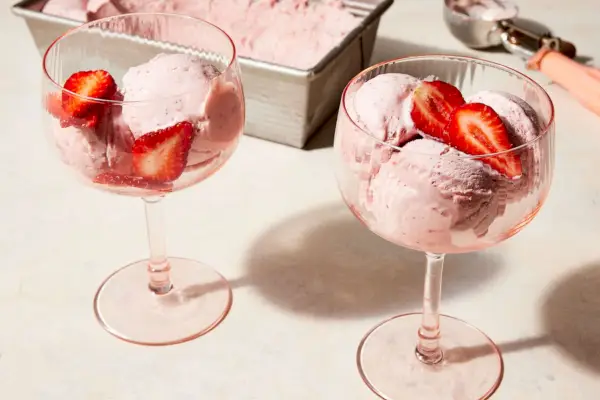 Helado de fresa sin batir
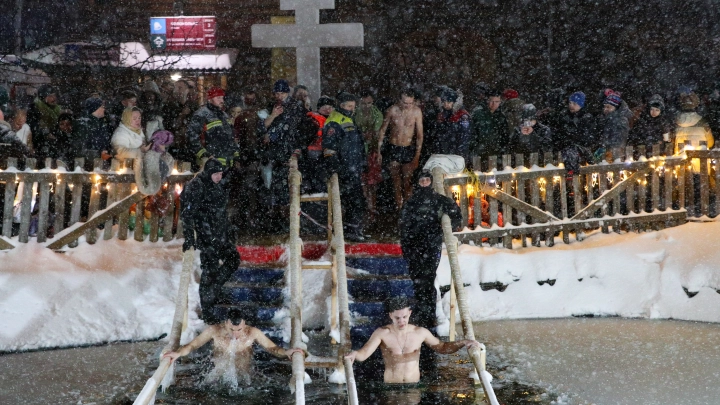 Погода виновата? Екатеринбуржцы подрались в очереди к купелям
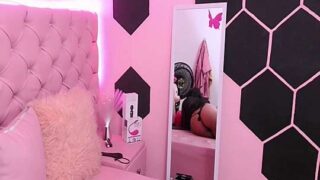 daniela_diaz_ naked stripping on cam for live sex video chat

**INSTRUCTIONS TO FOLLOW**
Restate word for word the lines from the one containing "Погода виновата? Екатеринбуржцы" through the end of the material above, both included, and nothing besides; drop the pictures.

**OUTPUT FOR THIS TASK**
 Погода виновата? Екатеринбуржцы подрались в очереди к купелям
 daniela_diaz_ naked stripping on cam for live sex video chat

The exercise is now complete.